Après que la ministre les ait chassés de son bureau, son chargé de mission, M. Aristide Ganabo, est sorti derrière eux. Il leur a reproché d’avoir envoyé leur recours aux médias et aux ambassades. “Vous êtes malades ou quoi? Comment vous pouvez mettre les médias dans vos documents?”.
Puis il a ajouté que c’était uniquement par “la bonne volonté” de la ministre qu’ils étaient restés trois ans. “Vous devez remercier la ministre. Sans elle, vous ne seriez pas là. Elle vous a donné des marchés, vous devez lui dire merci.”
Les couturiers ont répondu qu’ils ne voulaient pas être des assistés, mais des professionnels accompagnés dans leurs projets. Mais Ganabo insistait que tout venait de la ministre et qu’ils n’avaient aucun droit de discuter.
Deux jours plus tard, le vendredi 12 septembre, la ministre a fait venir la gendarmerie. Les couturiers ont été expulsés. Leurs machines, leurs outils, tout leur matériel de travail est resté sur place. Tout a été fermé à clé.
Depuis ce jour, rien n’a bougé. Ces jeunes se sont retrouvés dans les quartiers sans rien. Pas de machines pour travailler. Pas de revenus pour nourrir leurs familles. Et personne ne les appelle pour trouver une solution.
La ministre continue son business. Elle a nommé sa sœur cadette, Renée Michèle Bimbo, directrice générale de l’ACFPE. Elle place ses parents partout dans l’institution. Elle installe son restaurant. Et elle oublie ces jeunes qu’elle a utilisés pendant plus de trois ans.
Annie Michelle Mouanga se glorifie d’être parente à Tina Touadéra. Elle pense que cette connexion familiale la protège. Elle pense qu’elle peut maltraiter les jeunes sans conséquence. Elle pense que le pouvoir durera toujours.
Mais le pouvoir finit toujours. Ces jeunes qu’elle a chassés ne vont pas tous disparaître. Ils vont rester. Ils vont se souvenir. Ils vont raconter à leurs enfants comment une ministre les a utilisés pendant trois ans, puis les a jetés comme des malpropres quand elle n’avait plus besoin d’eux.

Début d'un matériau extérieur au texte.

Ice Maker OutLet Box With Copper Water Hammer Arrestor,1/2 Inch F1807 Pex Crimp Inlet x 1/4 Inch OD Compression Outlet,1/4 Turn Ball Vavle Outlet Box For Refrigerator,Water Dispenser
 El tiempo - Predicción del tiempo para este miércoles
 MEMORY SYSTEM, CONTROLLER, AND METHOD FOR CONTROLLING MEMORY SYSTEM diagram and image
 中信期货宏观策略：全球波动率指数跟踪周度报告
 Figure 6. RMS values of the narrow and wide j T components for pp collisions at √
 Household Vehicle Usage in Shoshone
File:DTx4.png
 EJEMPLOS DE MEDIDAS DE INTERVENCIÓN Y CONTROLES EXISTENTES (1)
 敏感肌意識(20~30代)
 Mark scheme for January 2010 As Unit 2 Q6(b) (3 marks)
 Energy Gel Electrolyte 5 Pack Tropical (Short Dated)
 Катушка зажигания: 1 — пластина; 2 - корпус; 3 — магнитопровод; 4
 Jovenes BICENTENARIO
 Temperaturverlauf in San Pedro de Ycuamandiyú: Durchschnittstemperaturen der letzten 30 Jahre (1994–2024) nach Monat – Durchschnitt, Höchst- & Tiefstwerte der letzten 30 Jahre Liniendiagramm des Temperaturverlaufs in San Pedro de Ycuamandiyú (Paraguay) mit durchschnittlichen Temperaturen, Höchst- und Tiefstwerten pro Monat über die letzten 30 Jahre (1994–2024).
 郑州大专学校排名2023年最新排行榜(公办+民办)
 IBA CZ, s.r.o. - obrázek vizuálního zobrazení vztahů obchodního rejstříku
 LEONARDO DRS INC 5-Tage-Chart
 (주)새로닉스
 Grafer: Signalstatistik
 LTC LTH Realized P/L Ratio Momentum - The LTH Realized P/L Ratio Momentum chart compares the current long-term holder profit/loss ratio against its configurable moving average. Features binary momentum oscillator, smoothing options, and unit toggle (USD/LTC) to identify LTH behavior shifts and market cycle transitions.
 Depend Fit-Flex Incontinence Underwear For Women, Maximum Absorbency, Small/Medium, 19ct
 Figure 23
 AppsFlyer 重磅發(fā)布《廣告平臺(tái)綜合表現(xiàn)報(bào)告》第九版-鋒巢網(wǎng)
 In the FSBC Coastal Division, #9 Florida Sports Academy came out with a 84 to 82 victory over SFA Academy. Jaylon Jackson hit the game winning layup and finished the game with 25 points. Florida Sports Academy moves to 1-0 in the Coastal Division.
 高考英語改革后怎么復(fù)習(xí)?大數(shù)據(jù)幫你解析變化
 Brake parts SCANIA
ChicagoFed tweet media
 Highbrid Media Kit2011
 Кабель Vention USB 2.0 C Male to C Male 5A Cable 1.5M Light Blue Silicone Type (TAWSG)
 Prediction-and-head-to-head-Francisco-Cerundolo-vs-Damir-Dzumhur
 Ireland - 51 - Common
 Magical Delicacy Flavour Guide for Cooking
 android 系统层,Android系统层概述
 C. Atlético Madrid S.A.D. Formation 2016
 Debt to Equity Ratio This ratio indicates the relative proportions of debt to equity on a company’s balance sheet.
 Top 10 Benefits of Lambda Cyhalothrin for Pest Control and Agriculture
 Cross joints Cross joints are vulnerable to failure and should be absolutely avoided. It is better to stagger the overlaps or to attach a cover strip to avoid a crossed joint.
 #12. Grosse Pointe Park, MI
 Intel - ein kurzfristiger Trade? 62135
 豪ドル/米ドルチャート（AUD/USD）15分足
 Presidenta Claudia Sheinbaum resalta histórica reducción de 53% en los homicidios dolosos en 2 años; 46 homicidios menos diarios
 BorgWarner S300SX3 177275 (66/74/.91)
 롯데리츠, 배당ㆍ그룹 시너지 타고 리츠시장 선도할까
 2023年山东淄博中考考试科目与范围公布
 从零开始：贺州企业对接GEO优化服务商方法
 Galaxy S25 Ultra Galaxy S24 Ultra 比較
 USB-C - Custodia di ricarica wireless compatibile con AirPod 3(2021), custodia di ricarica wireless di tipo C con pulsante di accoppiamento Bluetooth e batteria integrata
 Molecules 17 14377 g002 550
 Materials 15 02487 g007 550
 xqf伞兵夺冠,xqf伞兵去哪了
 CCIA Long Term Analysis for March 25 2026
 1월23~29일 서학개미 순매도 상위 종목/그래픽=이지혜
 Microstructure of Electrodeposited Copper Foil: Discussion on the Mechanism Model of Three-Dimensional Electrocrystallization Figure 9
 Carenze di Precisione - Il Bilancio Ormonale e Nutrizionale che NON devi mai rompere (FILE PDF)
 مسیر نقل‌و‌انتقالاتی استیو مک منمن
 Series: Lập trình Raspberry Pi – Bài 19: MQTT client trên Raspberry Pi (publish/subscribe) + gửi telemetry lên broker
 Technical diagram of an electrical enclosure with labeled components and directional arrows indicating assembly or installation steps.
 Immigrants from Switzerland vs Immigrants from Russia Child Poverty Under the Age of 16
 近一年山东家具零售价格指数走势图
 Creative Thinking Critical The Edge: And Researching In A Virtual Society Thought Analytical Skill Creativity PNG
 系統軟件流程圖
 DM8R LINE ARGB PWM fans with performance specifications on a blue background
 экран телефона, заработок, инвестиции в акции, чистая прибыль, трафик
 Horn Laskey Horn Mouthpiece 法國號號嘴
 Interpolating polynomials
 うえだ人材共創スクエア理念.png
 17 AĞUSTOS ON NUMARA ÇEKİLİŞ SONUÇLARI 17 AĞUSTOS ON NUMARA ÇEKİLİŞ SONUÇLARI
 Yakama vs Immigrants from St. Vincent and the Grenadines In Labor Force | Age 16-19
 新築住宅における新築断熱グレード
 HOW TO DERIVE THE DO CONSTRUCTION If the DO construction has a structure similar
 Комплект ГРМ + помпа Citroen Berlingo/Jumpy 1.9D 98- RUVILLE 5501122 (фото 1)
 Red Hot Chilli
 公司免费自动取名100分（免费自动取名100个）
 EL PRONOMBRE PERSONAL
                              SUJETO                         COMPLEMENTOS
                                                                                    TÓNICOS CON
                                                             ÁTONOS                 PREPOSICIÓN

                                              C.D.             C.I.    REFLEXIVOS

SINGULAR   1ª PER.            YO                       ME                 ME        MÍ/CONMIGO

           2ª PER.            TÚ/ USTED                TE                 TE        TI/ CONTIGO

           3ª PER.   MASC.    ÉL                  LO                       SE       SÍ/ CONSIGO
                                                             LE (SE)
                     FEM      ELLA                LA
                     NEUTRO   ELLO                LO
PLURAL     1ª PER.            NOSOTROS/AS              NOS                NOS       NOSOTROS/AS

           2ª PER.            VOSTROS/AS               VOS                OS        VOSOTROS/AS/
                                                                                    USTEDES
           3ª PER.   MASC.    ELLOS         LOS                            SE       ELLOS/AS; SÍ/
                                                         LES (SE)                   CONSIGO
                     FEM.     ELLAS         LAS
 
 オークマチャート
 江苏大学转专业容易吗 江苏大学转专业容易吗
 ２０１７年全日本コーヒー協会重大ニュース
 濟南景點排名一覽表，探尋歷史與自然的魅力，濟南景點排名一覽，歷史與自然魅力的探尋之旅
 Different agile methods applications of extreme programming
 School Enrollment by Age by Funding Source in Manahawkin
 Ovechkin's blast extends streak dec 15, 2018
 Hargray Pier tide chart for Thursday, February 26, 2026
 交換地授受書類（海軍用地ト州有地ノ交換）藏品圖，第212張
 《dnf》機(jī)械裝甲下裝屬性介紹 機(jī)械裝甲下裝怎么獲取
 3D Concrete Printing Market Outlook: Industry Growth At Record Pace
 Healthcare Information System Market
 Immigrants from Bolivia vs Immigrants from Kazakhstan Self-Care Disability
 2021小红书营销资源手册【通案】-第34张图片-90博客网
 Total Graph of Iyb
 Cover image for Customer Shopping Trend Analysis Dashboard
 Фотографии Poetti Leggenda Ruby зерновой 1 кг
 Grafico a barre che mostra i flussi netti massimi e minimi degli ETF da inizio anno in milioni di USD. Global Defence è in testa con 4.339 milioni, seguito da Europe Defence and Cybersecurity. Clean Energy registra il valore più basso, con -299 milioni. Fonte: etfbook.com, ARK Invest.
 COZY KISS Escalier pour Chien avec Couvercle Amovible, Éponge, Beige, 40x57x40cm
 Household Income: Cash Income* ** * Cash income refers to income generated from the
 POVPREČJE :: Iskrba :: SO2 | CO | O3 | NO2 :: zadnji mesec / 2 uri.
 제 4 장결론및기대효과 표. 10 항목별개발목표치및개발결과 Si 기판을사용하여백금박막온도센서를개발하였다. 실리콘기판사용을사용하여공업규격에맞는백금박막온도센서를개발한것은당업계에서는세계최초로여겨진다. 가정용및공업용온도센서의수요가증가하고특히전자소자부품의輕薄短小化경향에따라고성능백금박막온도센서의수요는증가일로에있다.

Cette femme est mère de famille. Elle devrait comprendre ce que vivent ces jeunes. Elle devrait savoir ce que c’est que de ne pas pouvoir nourrir sa famille. Mais elle s’en fiche. Elle ne pense qu’à son argent, à son restaurant, à placer ses proches.
Le président Touadéra parle tout le temps de la jeunesse. Il dit que c’est sa priorité. Mais que fait-il quand sa ministre chasse des jeunes couturiers pour installer un restaurant? Rien. Il regarde et il laisse faire.
Ces jeunes ont investi trois ans et quatre mois de leur vie dans cette formation. Ils ont participé à des défilés en présence de la Première dame. Ils ont fabriqué des uniformes pour l’école présidentielle à Damara. Et maintenant, on les jette.
Leurs machines sont enfermées quelque part dans l’ACFPE. Ils ne peuvent pas les récupérer. Ils ne peuvent pas travailler. Ils ne peuvent pas gagner leur vie. Et personne ne les appelle.
Un mois déjà. Trente jours sans revenus. Trente jours à expliquer à leurs familles pourquoi il n’y a rien à manger. Trente jours à se demander ce qu’ils vont devenir.
La ministre Annie Michelle Mouanga doit débloquer cette situation. Elle doit appeler ces jeunes. Elle doit leur rendre leurs machines. Elle doit leur permettre de travailler. Si elle refuse, le président doit intervenir.
Si rien ne bouge, on saura que tous les discours sur la jeunesse ne sont que des paroles vides. Que les promesses ne valent rien. Que les jeunes Centrafricains ne comptent pas.